In a new paper IMF economist Olivier Blanchard says policy makers need to consider radically different approaches to deal with major banking crises, pandemics or terrorist attacks. In particular, the IMF paper suggests shooting for a higher-level inflation in "normal time in order to increase the room for monetary policy to react to such shocks." Central banks may want to target 4% inflation, rather than the 2% target that most central banks now try to achieve, the IMF paper says.

At a 4% inflation rate, Mr. Blanchard says, short-term interest rates in placid economies likely would be around 6% to 7%, giving central bankers far more room to cut rates before they get near zero, after which it is nearly impossible to cut short-term rates further.

Paul Krugman agrees, arguing that higher inflation is needed to achieve full employment, especially in some countries in the Euro zone . . .

I would add, however, that there’s another case for a higher inflation rate — an argument made most forcefully by Akerlof, Dickens, and Perry (pdf). It goes like this: even in the long run, it’s really, really hard to cut nominal wages. Yet when you have very low inflation, getting relative wages right would require that a significant number of workers take wage cuts. So having a somewhat higher inflation rate would lead to lower unemployment, not just temporarily, but on a sustained basis.
In practice, a 2% inflation target has resulted in more like 2.5-3% inflation. So I assume a 4% target could yield a 5-6% actual inflation rate.

Ruh-Roh!
 
So ER moves up a few years. With the life expectancy of people...I guess grab the golden jobs that will provide you with ER inflation adjusted pensions. Go get shot at for your country problem solved. :)


Oh because them jobs behind the desk for governments will be the first to go. As the easy not risk your life get a sweet pension deal go by the wayside. Better off risking your life and surviving. Better benefits that you can be more confident to collect on.
 
Theoretically this would come out in the wash for someone living off their assets; as inflation increased the portfolio and cost of living would both go up by about the same. But for people trying to save and get ahead, this sure would make it hard.
 
Would probably drive people out of cash, even bonds keep up over time. The idea is to have interest rates high enough that they can be cut when necessary, hitting 0% limits central bank abilities, currently there is 'monetary easing' --buying up bonds which is not an ideal alternative.
 
Theoretically this would come out in the wash for someone living off their assets; as inflation increased the portfolio and cost of living would both go up by about the same.

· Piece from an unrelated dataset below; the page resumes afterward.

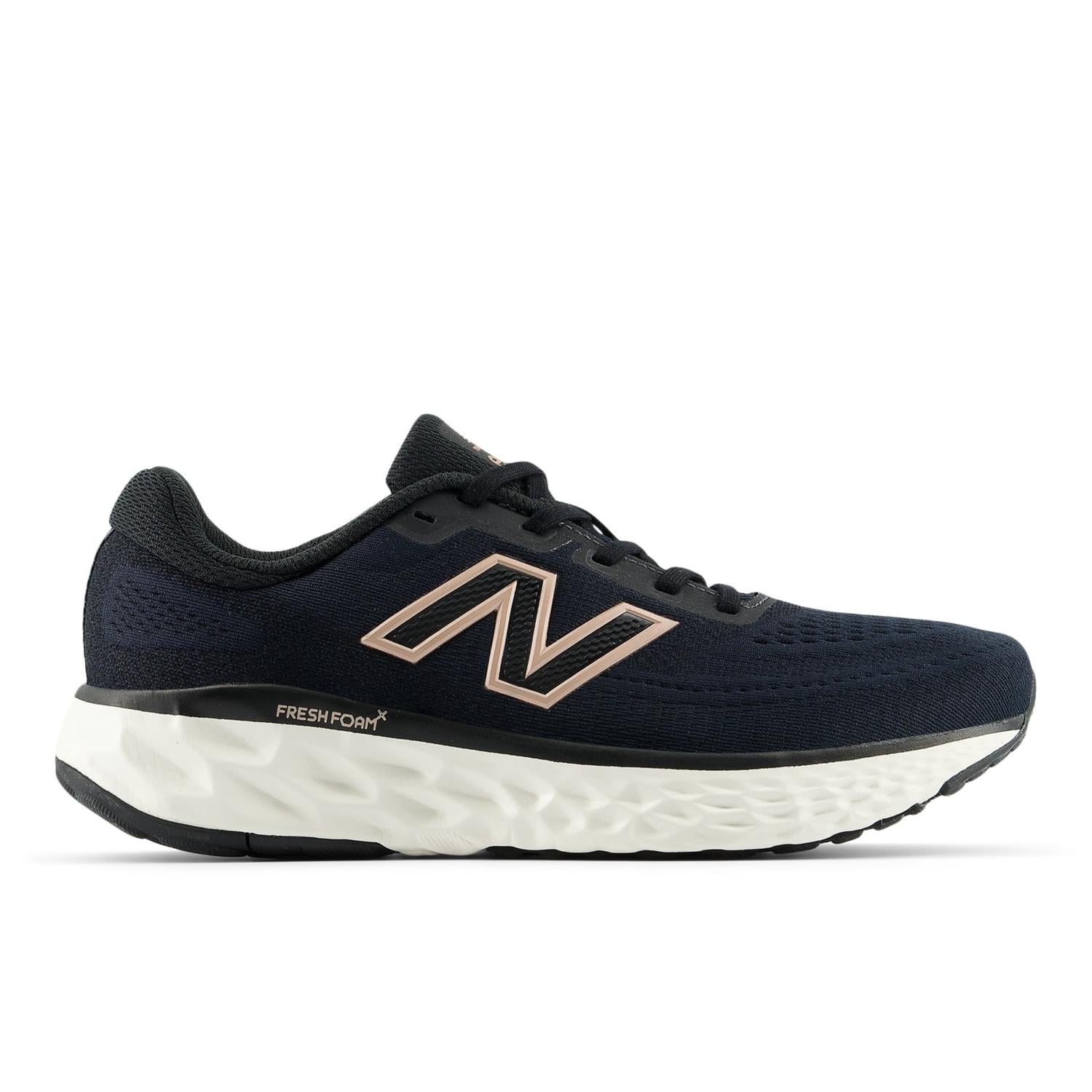 ZAPATILLAS NEW BALANCE FRESH FOAM X EVOZ V4 MUJER - 1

I'm not so sure. Vanguard's bond index, for example, has yield of only 3.3% and an average maturity of 6.6 years. If inflation increases permanently to the 5-6% range, you've got a long time of negative real returns before your portfolio turns over completely to reflect the new interest rate environment. And I'm not sure how you recoup those initial losses. Sure, the new bonds you're rolling in to pay a higher nominal rate, but unless the real yield has increased enough to compensate for the purchasing power losses you took on the initial portfolio its difficult for me to see how you aren't harmed in real terms. (Incidentally, the Vanguard article Bonds and Rates: The reality behind the numbers purportedly demonstrating how a rising interest rate environment benefits bondholders only considers nominal returns.)

Same thing with equities. The S&P currently has an earnings yield of about 5%, which is way too low if inflation expectations are going to be in the same ballpark or higher. That means your stock earnings multiple should come down. HaHa posted a chart in another thread showing how poorly the S&P fared during our last bout of inflation. That was a lot more extreme than what is envisioned here, but it does go to show that equities aren't a sure-fire inflation hedge.

And with respect to workers, Krugman's point is that in periods of moderately low inflation workers underestimate inflation's impact and therefore don't demand enough wage increases to compensate. He's specifically urging a higher inflation rate as a way to bring down real wages. The supposed trade-off is higher employment . . . more people working for less money. But if you're someone who has a job, the idea is to try to trick you into a wage cut.